The United Nations has formed a committee of experts to investigate former Lebanese Premier Hariri's assassination as prominent Druze opposition leader Walid Jumblat demanded that Syria's military intelligence chief Brig. Gen. Rustom Ghazaleh be a prime suspect for interrogation.
Jumblat conveyed Gen. Ghazaleh must be interrogated because as chief of Syria's military intelligence in Lebanon he could be the main suspect who plotted and executed the massive bombing assassination.
Jumblat made the statement Friday night on the sidelines of an opposition declaration of an uprising to extract Lebanon from Syria's dominance, but by "peaceful and democratic means." Jumblat also scolded President Lahoud for exercising his swimming hobby all through Hariri's funeral procession on Wednesday.
On his part, Lebanon's Interior Minister Suleiman Franjieh, however, warned the government would not tolerate public disturbances. "The state will not stand idly by," he said.
U.N Secretary-General Kofi Annan is dispatching a team led by Ireland's deputy police commissioner to Beirut in the next few days to investigate Hariri's assassination, the U.N. spokesman disclosed Friday. The move came in response to a request from the Security Council that he urgently report on "the circumstances, causes and consequences" of Hariri's assassination, the spokesman said in a statement.
"The team will make contact with Lebanese officials and others to gather such information as necessary for the secretary-general to the council in a timely manner," the statement said.

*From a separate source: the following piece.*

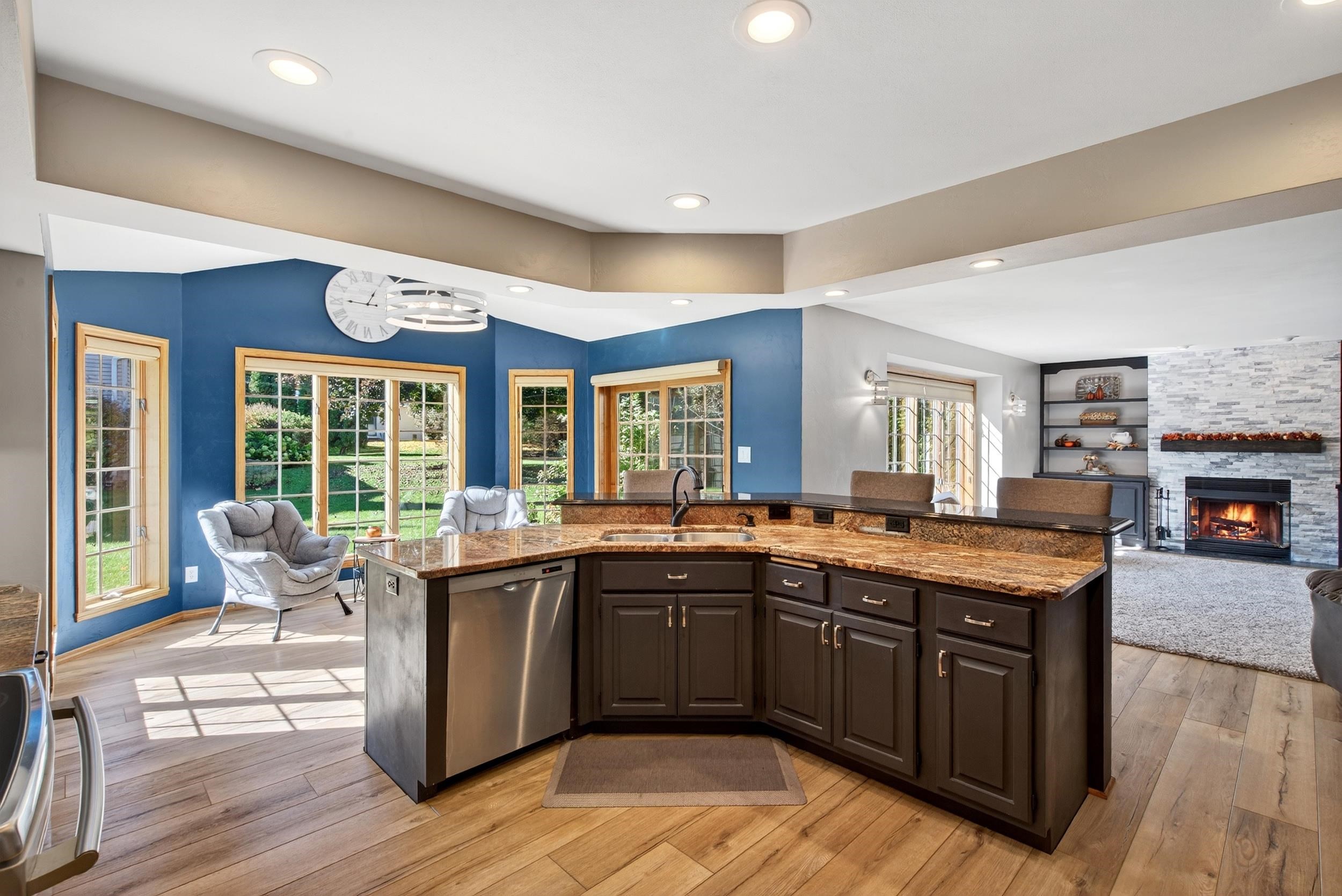 Appleton, Wisconsin, 54913, United States, 3 Bedrooms Bedrooms, ,3 BathroomsBathrooms,Residential,For Sale,1976936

Peter Fitzgerald, the team leader, has been a deputy Irish police commissioner since 1998 and has worked in U.N. peacekeeping operations in Namibia and Cambodia and was police commissioner in Bosnia until February 1997. He also served as a member of the independent team that investigated security at U.N. headquarters in Baghdad before the Aug. 19 bombing that killed 22 people and injured over 160.
Accaording to the statement, the team going to Beirut "will consist of staff with relevant expertise" but no other names were announced. On his part, Lebanon's government said that it was unlikely to cooperate with the UN commission.